*** Opening DATA TO EXAMINE ***

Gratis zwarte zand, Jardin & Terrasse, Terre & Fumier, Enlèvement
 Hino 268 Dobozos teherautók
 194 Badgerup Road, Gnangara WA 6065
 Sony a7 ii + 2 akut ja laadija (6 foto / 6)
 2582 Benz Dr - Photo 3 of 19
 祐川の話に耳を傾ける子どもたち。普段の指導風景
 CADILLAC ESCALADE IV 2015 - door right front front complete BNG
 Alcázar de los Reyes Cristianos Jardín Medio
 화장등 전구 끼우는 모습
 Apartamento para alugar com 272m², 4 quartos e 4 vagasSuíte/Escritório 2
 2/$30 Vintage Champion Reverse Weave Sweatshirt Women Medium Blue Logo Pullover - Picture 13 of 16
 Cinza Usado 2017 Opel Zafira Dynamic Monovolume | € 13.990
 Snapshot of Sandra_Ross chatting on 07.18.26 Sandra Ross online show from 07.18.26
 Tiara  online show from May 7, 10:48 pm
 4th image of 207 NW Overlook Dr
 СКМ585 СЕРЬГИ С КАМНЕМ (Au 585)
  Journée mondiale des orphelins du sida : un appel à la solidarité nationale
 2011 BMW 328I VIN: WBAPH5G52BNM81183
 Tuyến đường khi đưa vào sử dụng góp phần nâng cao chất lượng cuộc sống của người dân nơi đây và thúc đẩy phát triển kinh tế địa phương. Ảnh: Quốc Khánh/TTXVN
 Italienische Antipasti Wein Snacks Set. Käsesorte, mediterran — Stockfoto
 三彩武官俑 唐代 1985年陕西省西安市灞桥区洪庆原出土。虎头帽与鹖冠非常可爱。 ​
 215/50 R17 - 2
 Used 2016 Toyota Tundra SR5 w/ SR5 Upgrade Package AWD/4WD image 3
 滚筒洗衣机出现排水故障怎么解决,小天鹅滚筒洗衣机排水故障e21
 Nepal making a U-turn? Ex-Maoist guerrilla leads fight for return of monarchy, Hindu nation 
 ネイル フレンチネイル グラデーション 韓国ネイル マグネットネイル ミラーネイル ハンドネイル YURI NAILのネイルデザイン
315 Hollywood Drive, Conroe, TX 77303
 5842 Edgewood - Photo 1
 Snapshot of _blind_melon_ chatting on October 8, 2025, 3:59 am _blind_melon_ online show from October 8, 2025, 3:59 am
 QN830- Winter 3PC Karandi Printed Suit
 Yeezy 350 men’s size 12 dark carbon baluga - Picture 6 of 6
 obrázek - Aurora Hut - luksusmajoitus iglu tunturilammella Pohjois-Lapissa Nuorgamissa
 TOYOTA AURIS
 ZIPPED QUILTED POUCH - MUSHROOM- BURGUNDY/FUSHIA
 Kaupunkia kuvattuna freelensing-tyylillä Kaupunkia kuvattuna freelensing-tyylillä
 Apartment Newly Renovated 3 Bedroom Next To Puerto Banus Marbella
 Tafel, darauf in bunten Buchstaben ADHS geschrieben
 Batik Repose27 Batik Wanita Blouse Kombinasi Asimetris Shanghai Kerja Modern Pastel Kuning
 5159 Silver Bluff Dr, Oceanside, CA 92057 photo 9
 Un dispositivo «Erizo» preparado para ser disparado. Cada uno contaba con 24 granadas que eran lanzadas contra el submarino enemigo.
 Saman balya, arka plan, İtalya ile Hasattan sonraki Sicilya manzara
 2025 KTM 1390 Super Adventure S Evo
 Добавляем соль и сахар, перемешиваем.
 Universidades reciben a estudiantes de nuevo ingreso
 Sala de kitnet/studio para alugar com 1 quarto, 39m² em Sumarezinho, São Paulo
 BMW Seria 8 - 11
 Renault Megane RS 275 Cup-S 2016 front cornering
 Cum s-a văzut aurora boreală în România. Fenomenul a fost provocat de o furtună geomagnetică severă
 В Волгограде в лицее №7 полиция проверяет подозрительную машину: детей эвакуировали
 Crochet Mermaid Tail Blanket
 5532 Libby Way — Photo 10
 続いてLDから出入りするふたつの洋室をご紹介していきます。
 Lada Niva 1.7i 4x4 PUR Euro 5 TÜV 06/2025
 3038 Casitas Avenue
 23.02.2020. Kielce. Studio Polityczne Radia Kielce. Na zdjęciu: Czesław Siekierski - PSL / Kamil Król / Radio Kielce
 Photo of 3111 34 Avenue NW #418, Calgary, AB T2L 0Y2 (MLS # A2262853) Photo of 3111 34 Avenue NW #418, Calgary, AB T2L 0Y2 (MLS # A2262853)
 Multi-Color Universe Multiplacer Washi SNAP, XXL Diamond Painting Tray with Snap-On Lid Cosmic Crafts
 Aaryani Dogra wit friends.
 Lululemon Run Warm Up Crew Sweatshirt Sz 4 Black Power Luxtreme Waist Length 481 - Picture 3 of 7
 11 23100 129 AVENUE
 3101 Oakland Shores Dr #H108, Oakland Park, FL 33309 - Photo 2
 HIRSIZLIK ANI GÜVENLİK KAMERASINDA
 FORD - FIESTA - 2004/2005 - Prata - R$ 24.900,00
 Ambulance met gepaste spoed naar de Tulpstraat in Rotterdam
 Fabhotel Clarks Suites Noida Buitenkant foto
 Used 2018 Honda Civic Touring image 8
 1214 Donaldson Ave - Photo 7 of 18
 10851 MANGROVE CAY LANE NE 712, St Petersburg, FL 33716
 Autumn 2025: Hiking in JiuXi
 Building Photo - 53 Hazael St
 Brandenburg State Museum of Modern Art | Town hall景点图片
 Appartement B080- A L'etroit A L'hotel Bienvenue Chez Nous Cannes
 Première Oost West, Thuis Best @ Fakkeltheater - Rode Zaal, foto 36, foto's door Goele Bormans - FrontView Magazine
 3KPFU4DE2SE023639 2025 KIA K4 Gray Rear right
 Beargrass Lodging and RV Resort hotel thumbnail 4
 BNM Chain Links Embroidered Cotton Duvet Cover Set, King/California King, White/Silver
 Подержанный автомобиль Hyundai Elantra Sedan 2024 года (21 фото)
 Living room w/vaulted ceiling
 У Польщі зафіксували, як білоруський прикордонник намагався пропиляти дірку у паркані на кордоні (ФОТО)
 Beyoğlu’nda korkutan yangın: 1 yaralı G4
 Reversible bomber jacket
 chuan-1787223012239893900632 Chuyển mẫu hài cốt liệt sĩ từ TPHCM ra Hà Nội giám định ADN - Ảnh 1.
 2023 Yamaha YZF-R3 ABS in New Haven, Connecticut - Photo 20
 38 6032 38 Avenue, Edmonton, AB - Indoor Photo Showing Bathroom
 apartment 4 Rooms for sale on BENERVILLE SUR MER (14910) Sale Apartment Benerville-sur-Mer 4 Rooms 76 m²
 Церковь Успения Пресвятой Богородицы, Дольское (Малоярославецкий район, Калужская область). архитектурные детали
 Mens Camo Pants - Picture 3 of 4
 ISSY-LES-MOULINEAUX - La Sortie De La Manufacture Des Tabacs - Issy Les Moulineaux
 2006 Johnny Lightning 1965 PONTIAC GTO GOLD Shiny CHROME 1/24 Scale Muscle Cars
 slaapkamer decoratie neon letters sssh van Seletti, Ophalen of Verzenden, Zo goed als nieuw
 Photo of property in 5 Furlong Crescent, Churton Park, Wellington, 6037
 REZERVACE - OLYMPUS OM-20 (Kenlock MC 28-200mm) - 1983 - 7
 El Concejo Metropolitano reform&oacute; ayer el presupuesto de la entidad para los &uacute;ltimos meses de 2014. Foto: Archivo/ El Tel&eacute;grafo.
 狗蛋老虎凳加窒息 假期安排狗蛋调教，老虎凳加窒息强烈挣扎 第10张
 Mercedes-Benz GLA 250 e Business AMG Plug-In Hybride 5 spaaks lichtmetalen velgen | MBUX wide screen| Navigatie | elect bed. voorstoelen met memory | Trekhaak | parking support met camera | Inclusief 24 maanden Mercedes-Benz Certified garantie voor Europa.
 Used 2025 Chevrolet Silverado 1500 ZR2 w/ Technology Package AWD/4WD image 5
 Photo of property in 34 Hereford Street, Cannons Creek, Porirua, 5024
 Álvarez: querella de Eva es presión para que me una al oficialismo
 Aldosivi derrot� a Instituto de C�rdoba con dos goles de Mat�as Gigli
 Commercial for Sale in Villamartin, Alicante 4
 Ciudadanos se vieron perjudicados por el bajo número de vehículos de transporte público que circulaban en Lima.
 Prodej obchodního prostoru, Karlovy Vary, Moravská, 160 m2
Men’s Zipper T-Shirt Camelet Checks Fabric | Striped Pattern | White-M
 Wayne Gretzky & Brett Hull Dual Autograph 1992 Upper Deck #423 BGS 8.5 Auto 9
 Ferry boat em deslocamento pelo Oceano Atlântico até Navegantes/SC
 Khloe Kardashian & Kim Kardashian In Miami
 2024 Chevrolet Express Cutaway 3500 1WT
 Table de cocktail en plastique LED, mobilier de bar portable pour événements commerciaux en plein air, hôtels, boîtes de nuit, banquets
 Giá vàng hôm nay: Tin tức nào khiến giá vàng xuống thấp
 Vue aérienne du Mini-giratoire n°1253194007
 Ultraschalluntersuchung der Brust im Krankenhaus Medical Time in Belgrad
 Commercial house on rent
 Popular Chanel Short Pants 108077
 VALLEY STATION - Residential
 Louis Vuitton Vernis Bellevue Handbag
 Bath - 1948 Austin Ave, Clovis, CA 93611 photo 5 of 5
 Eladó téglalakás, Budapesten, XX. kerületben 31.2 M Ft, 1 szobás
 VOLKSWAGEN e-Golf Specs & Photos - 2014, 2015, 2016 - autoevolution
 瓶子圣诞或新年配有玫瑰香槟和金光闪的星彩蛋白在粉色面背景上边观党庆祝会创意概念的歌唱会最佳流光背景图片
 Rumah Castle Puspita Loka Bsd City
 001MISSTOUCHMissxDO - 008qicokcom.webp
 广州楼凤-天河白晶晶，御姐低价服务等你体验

*** Closing DATA TO EXAMINE ***

What is needed is an exact copy of the lines above, from the one containing "194 Badgerup Road, Gnangara WA 6065" through the one containing "ネイル フレンチネイル グラデーション", with nothing added.

 194 Badgerup Road, Gnangara WA 6065
 Sony a7 ii + 2 akut ja laadija (6 foto / 6)
 2582 Benz Dr - Photo 3 of 19
 祐川の話に耳を傾ける子どもたち。普段の指導風景
 CADILLAC ESCALADE IV 2015 - door right front front complete BNG
 Alcázar de los Reyes Cristianos Jardín Medio
 화장등 전구 끼우는 모습
 Apartamento para alugar com 272m², 4 quartos e 4 vagasSuíte/Escritório 2
 2/$30 Vintage Champion Reverse Weave Sweatshirt Women Medium Blue Logo Pullover - Picture 13 of 16
 Cinza Usado 2017 Opel Zafira Dynamic Monovolume | € 13.990
 Snapshot of Sandra_Ross chatting on 07.18.26 Sandra Ross online show from 07.18.26
 Tiara  online show from May 7, 10:48 pm
 4th image of 207 NW Overlook Dr
 СКМ585 СЕРЬГИ С КАМНЕМ (Au 585)
  Journée mondiale des orphelins du sida : un appel à la solidarité nationale
 2011 BMW 328I VIN: WBAPH5G52BNM81183
 Tuyến đường khi đưa vào sử dụng góp phần nâng cao chất lượng cuộc sống của người dân nơi đây và thúc đẩy phát triển kinh tế địa phương. Ảnh: Quốc Khánh/TTXVN
 Italienische Antipasti Wein Snacks Set. Käsesorte, mediterran — Stockfoto
 三彩武官俑 唐代 1985年陕西省西安市灞桥区洪庆原出土。虎头帽与鹖冠非常可爱。 ​
 215/50 R17 - 2
 Used 2016 Toyota Tundra SR5 w/ SR5 Upgrade Package AWD/4WD image 3
 滚筒洗衣机出现排水故障怎么解决,小天鹅滚筒洗衣机排水故障e21
 Nepal making a U-turn? Ex-Maoist guerrilla leads fight for return of monarchy, Hindu nation 
 ネイル フレンチネイル グラデーション 韓国ネイル マグネットネイル ミラーネイル ハンドネイル YURI NAILのネイルデザイン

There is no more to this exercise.